I knew that J.R.R. Tolkien fought in World War I and that, in particular, his descriptions of Frodo, Sam, and Gollum walking across the Dead Marshes supposedly stemmed from things he had seen in No Man's Land. But nothing more specific than that.
Tolkien and the Great War begins in Tolkien's school days at St. Edward's School, Birmingham, where his interest in languages and writing began. We're introduced to Tolkien's close friends: Christopher Wiseman, Rob Gilson, and G.B. Smith. Smith, like Tolkien, is a budding poet. They called themselves the TCBS, short for the Tea Club and Barrovian Society.

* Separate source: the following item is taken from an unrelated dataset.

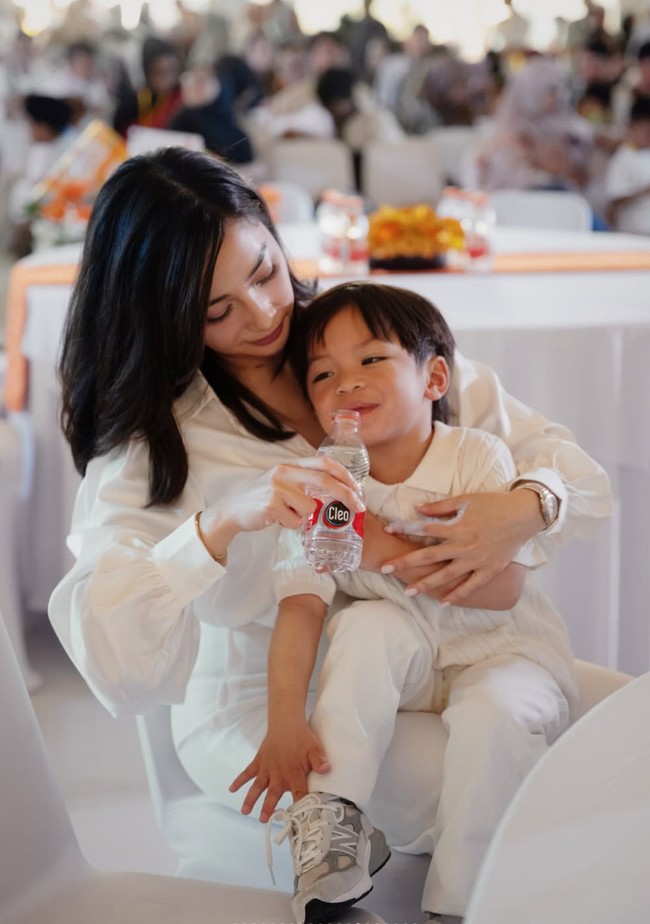 Nikita juga terlihat momong putranya sendiri. Penampilan ibu 2 anak itu pun banjir pujian netizen. Foto: Instagram/@nikitawillyofficial94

When war broke out, Wiseman joined the navy and Gilson and Smith joined the army. Tolkien was at Oxford when war broke out and did not join the army immediately. He wanted to try to complete his degree as he already had an idea that he wanted to become an academic.
Because what writer, in some little way, isn't reacting to the world around them in their work, even if it seems like they are writing something completely unrelated, like elves, vampires or a setting two hundred years ago?
Tolkien passed his poems on to his friends. In their letters, the TCBS write about the purpose of the TCBS, certain that they were brought together to change the world and that Smith and Tolkien, being the poets, were meant to change English literature.
The letters were probably my favorite part of the book--to read about these men and read their voices, their debates, their questions about whether they were really meant to be great, what they wrote about their time in the war, and their reactions to Tolkien's stories and poems made the story so personal.
Take this letter, written by G.B Smith before he was going on patrol in France one night--
My dear John Ronald, publish by all means. I am a wild and whole-hearted admirer, and my chief consolation is that, if I am scuppered to-night--I am off on duty in a few minutes--there will still be left a member of the great TCBS to voice what I dreamed and what we all agreed upon.
...May God Bless you, my dear John Ronald, and may you say the things I have tried to say long after I am not there to say them.
Tolkien entered the army in 1916. He trained as a signal officer and was shipped to France in June 1916.
The Battle of the Somme started on July 1st. Rob Gilson was killed leading his unit that day. His death was a huge blow to the TCBS. You can read more about Rob Gilson here.
Tolkien fought during the Somme Offensive, as did G.B. Smith. Tolkien caught trench fever in October 1916 and was shipped back to England, where he spent the rest of the war. Smith was struck by shrapnel in November and died of infection in his wounds in December 1916. After the war, Tolkien wrote an introduction to a volume of G.B. Smith's poetry.
I came away from this book thinking of parts of LOTR, written more than twenty years later, like the Siege of Gondor and the Ride of the Rohirrim.